The American clergyman Walter Rauschenbusch (1861-1918) broke the complacency and conservatism of late-19th-century American Protestantism, propounding a Social Gospel capable of responding to the challenges of an industrial, urban era.
Walter Rauschenbusch was born on Oct. 4, 1861, in Rochester, N.Y., the son of a German missionary, and reared in a pietistic environment. Years of study in his youth in Germany provided him with scholarly intellectual equipment and introduced him to the then revolutionary ideas shattering traditional dogmas. On graduation from the Rochester Theological Seminary in 1886, he was ordained to the Baptist ministry.

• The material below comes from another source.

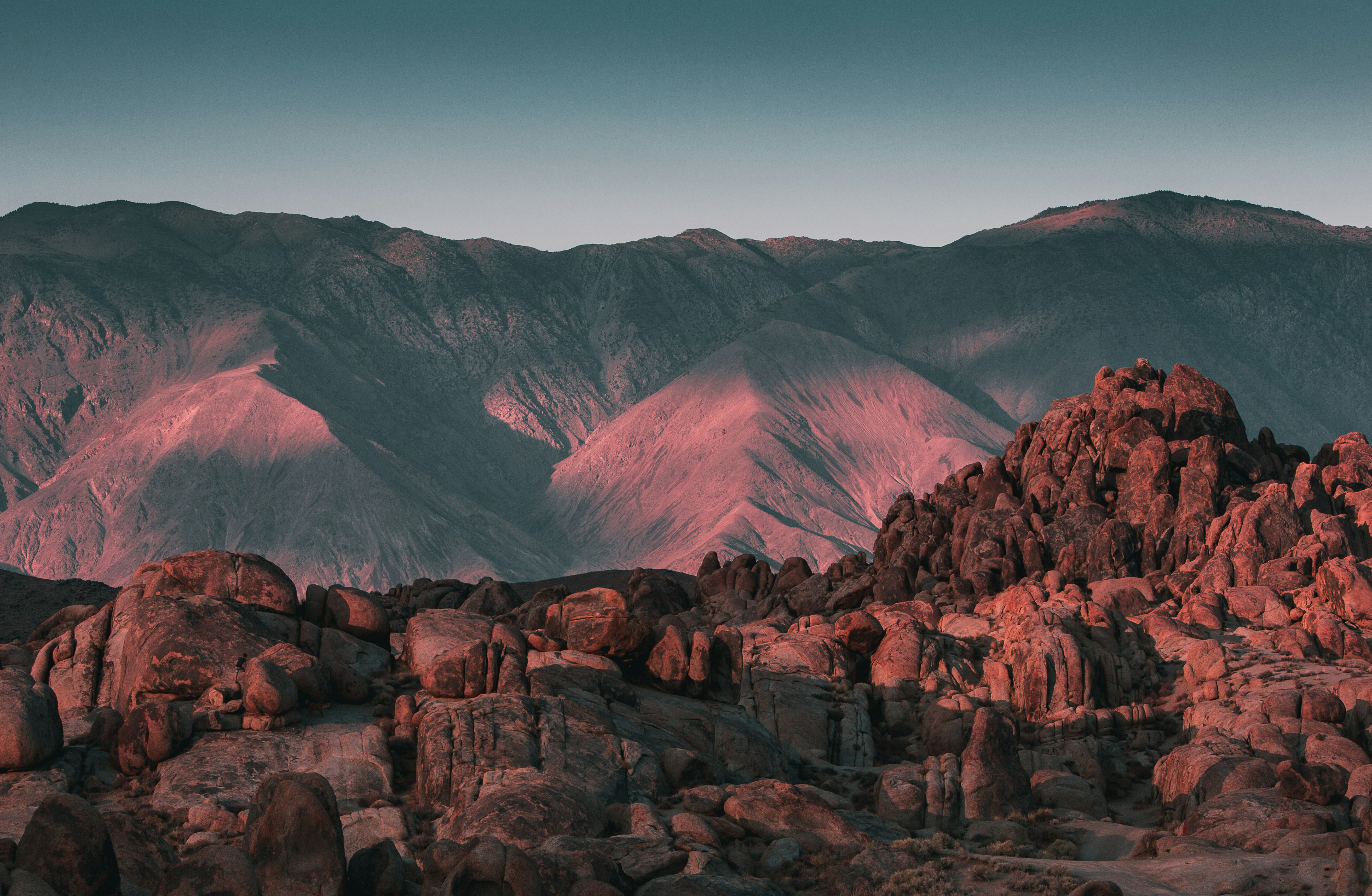 brown rocky mountain under blue sky during daytime, Golden Hour in Alabama Hills, Lone Pine, California. The rock formations come alive with the pink setting light.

Rauschenbusch's first pastorate was on the edge of New York City's infamous Hell's Kitchen area, and daily observance of the terrible poverty of his block led him to question both laissez-faire capitalism and the relevance of the old pietistic evangelism with its simple gospel. As he observed during the depression of 1893, "One could hear human virtue cracking and crumbling all around." In these New York years he edited a short-lived labor paper; founded the Brotherhood of the Kingdom, a band of prophetic ministers; and formulated a theology of Christian socialism. In 1897 he left parish work for a professorship at Rochester Seminary, partly because deafness was reducing his ministerial effectiveness.
A series of books now came from Rauschenbusch's pen, most notably Christianity and the Social Crisis, Christianizing the Social Order, A Theology for the Social Gospel, and Prayers of the Social Awakening. These volumes, widely translated, reached hundreds of thousands. Penetrating in his critique of society, solidly grounded in theology, he towered above all the other prophets of the Social Gospel in the Progressive era.
Rauschenbusch believed that men rarely sinned against God alone and that the Church must place under judgment institutional evils as well as individual immorality. He held that men are damned by inhuman social conditions and that the Church must end exploitation, poverty, greed, racial pride, and war. The Church must not betray, as it had done since Constantine, its true mission of redeeming nations as well as men. But he was no utopian. He recognized the demonic in man, understood the power of entrenched interest groups, and predicted no easy or early establishment of God's reign of love. Therefore his theology, unlike that of so many bland modernists of the Progressive era, continues to speak for contemporary tragic conditions. Rauschenbusch died on July 25, 1918, deeply saddened by World War I, by the failure of pacifism to check the holocaust, and by the hatred poured out on all things German.
Dores Robinson Sharpe, Walter Rauschenbusch (1942), is a satisfactory but not definitive biography. Vernon Parker Bodein, The Social Gospel of Walter Rauschenbusch and Its Relation to Religious Education (1944), covers its limited subject well. Three fine studies of the Social Gospel are Charles H. Hopkins, The Rise of the Social Gospel in American Protestantism, 1865-1915 (1940); Henry F. May, Protestant Churches and Industrial America (1949); and Robert T. Handy, ed., The Social Gospel in America, 1870-1920 (1966).